Лурд - Эмиль Золя
Шрифт:
Интервал:
Закладка:
Духовенство долго воздерживалось от вмешательства, исполненное сомнений и беспокойства. Лурдский кюре, аббат Пейрамаль, был человеком крутым, но и бесконечно добрым, прямым и энергичным, если знал, что идет по верному пути. Когда Бернадетта пришла к нему в первый раз, он принял девочку, выросшую в Бартресе и еще ни разу не побывавшую на уроках катехизиса, почти так же сурово, как полицейский комиссар: он не поверил ей, рекомендовал с некоторой иронией попросить святую деву, чтобы сначала она заставила расцвести шиповник, росший у ее ног, чего, впрочем, дева не сделала. Позднее, как добрый пастырь, стерегущий свое стадо, он оказал девочке покровительство; это произошло, когда преследования начались с новой силой и хилую девочку с простодушными светлыми глазами, скромно, но упорно стоявшую на своем, хотели засадить в тюрьму. К тому же зачем было отрицать чудо? Сперва он просто сомневался, как осторожный священник, не очень склонный вмешивать религию в подозрительную авантюру. Но ведь священные книги изобилуют чудесами, и вся религия основана на таинствах. Поэтому для священника не было ничего удивительного в том, что святая дева поручила набожной девочке передать ему, чтобы он построил храм, куда будут приходить процессии верующих. Он полюбил Бернадетту за исходившее от нее очарование и стал защищать, но все же держался в стороне, ожидая решения епископа.

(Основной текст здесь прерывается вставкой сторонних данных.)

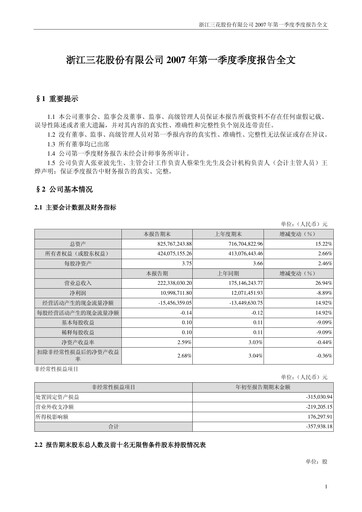 Thumbnail Zhejiang Sanhua Intelligent Controls Co.,Ltd Quarterly Report 2007-q1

Епископ, монсиньор Лоране, сидел в своей епархии в Тарбе за тремя замками, не подавая признаков жизни, как будто в Лурде не происходило ничего необычного. Он отдал своему клиру строгое распоряжение, и ни один священник не показывался в толпе, целый день проводившей у Грота. Он выжидал и в своих циркулярах довел до сведения префекта, что действия гражданских властей находятся в полном соответствии с мнением властей церковных. В сущности, он не верил в видения и, по-видимому, считал, как и врачи, что больная девочка подвержена галлюцинациям. Происшествие, всполошившее весь край, было слишком важно, чтобы не подвергнуть его тщательному каждодневному изучению, а то, что епископ так долго не интересовался им, доказывало, что он не особенно верил в возможность предполагаемого чуда и главной заботой его было не обесславить церковь историей, обреченной на провал. Монсиньор Лоране, человек очень благочестивый, был наделен практическим, холодным умом и очень здраво управлял своей епархией. В то время нетерпеливые и пламенные последователи Бернадетты прозвали его за упорное сомнение Фомой неверующим, и прозвище это сохранялось за ним до тех пор, пока факты не заставили его вмешаться. Он не хотел ничего слышать и видеть, решив уступить лишь в том случае, если религия ничего на этом не потеряет.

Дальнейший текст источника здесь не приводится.